# Safety and Data Integrity

This document defines path safety, input validation, and data-integrity rules for `user-thoughts`.

## Path Safety

All runtime file operations must stay inside `#ustht/` unless an import command reads project-local markdown files.

Dimension names are used to construct paths, so validate them strictly:

| Rule | Reason |
|---|---|
| Each path segment uses `[a-z0-9-]` only | Prevents shell and path surprises. |
| Each segment starts and ends with `[a-z0-9]` | Avoids hidden or malformed files. |
| `/` is allowed only as a dimension subdirectory separator | Supports `ui/outline`. |
| `..`, backslashes, spaces, and absolute paths are forbidden | Prevents path traversal. |
| Reserved names are forbidden | Avoids collisions with runtime folders. |

Reserved names: `backlog`, `readme-ai`, `export`, `raw`, `ignored`, `define`, `general`.

## Content Safety

Raw entries use this format:

```text
- [HH:MM] original user text | suggested-dim:dimension
```

The suffix is agent-generated metadata. User text may contain markdown and should be preserved as written. Parse the last ` | suggested-dim:` separator only.

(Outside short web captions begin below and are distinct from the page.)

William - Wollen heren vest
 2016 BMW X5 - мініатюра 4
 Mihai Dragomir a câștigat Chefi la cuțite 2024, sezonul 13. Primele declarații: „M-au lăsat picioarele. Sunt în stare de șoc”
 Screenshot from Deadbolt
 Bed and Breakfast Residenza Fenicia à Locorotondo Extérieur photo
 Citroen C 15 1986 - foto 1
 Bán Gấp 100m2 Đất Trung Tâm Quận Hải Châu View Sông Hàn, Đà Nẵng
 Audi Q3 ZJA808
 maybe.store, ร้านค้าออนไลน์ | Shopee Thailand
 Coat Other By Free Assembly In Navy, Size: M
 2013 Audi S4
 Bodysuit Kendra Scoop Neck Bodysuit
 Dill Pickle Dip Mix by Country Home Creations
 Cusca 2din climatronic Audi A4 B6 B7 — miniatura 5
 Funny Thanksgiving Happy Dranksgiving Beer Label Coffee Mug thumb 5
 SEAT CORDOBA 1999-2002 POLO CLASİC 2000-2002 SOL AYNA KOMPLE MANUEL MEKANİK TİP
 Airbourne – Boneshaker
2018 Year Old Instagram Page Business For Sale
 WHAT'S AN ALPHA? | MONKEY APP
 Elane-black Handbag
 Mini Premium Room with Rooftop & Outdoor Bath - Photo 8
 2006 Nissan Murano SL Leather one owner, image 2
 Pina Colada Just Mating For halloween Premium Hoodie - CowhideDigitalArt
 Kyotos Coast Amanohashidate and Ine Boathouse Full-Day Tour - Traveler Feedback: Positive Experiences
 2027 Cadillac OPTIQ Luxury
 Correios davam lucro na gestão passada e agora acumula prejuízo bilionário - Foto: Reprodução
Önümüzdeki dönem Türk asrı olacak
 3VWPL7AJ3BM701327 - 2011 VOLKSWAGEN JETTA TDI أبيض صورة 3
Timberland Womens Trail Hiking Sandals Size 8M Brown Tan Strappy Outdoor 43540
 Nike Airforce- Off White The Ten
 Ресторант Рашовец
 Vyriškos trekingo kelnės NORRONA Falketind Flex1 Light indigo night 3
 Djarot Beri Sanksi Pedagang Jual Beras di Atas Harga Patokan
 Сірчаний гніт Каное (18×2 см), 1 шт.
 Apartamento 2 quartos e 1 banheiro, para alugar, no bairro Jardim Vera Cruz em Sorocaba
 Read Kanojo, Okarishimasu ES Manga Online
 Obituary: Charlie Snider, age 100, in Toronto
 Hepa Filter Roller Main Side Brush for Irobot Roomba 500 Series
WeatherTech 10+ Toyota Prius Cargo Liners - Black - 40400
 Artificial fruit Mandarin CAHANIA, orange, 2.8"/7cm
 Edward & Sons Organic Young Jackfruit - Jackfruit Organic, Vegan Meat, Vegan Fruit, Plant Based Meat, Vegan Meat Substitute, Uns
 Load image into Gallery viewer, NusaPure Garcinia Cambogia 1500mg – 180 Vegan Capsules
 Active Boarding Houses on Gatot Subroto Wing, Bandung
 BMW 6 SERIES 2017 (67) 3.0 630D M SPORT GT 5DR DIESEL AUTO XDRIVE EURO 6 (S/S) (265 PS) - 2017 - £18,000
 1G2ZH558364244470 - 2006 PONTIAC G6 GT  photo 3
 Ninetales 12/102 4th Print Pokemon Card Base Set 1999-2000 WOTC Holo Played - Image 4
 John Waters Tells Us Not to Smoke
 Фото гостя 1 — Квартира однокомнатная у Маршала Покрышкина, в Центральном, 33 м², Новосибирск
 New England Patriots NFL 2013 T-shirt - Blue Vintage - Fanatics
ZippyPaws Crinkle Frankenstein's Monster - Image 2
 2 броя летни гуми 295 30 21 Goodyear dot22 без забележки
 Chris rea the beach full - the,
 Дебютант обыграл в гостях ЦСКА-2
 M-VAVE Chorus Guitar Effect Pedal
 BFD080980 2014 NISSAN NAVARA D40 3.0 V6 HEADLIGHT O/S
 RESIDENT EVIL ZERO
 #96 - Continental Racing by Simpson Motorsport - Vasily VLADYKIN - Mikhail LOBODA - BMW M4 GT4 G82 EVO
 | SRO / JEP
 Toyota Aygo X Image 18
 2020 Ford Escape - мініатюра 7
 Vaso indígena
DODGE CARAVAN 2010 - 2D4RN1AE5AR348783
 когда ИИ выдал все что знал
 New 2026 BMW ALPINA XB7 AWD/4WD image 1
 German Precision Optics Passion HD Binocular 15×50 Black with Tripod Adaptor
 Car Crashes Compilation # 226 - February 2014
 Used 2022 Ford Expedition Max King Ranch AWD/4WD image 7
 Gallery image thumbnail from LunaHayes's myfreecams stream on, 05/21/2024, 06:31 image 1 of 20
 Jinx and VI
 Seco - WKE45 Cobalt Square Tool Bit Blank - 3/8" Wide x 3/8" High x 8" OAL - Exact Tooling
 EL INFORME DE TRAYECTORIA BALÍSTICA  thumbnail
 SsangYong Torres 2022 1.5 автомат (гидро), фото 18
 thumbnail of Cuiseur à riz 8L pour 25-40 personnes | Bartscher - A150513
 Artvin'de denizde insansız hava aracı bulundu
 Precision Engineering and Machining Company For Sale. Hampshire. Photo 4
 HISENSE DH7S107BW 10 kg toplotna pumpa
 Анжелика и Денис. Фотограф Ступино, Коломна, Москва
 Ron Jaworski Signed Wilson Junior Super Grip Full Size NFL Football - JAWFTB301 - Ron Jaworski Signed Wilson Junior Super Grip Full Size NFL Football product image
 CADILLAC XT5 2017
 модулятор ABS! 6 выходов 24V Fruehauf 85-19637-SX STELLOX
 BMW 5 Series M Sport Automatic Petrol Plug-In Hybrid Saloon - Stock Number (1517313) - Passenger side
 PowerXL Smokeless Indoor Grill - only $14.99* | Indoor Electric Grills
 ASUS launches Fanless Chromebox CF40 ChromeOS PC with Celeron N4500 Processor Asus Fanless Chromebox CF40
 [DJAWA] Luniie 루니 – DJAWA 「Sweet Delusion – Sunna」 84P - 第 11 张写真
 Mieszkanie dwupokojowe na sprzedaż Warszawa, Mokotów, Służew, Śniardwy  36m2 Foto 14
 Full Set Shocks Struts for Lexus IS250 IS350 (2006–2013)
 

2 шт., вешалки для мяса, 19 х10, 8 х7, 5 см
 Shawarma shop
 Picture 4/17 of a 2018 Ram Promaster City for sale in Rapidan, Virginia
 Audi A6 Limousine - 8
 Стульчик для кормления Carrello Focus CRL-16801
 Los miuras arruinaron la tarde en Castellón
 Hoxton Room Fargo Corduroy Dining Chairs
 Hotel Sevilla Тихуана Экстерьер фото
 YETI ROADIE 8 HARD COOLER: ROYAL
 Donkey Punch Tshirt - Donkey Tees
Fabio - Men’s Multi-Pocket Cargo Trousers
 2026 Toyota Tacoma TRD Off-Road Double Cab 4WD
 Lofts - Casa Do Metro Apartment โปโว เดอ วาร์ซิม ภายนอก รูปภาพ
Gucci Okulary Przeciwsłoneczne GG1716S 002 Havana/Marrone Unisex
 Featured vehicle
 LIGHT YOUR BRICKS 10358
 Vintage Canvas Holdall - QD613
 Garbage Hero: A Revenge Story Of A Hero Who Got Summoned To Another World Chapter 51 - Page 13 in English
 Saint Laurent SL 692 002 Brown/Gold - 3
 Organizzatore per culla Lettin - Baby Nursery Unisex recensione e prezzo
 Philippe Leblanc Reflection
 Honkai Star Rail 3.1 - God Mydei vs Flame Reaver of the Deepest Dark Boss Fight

`<!-- processed -->` is meaningful only as the first line of a raw file. If the user mentions that string inside a thought, treat it as normal content.

## define.ini Safety

Allowed keys and values:

| Key | Allowed value |
|---|---|
| `SKILL_STATUS` | `on` or `off` |
| `INSTANT_STATUS` | `on` or `off` |
| `LAST_SORTIN` | empty or `yyyy-mm-dd HH:MM` |

Values must not contain newlines or `=`. Write the whole file rather than appending partial fragments.

## Shell Safety

- Do not execute user-provided shell commands.
- Do not use `eval` or dynamic execution.
- Construct file paths only from validated dimensions or fixed template paths.
- During initialization, copy known template files safely instead of recursively shell-copying arbitrary directories.

## Data Integrity

`sortin` is not fully atomic. To reduce partial-write risk:

1. Parse raw entries first.
2. Write dimension files.
3. Mark raw files as processed only after writes succeed.
4. Update `LAST_SORTIN` last.

Processed raw files are retained for traceability. Dimension files should be appended or marked deprecated; do not silently delete user history.

## Sensitive Data

The skill preserves original wording and does not redact secrets or personal data. Users should use ignore commands before sensitive content is captured, and teams should protect `.ustht/` with normal repository and filesystem hygiene.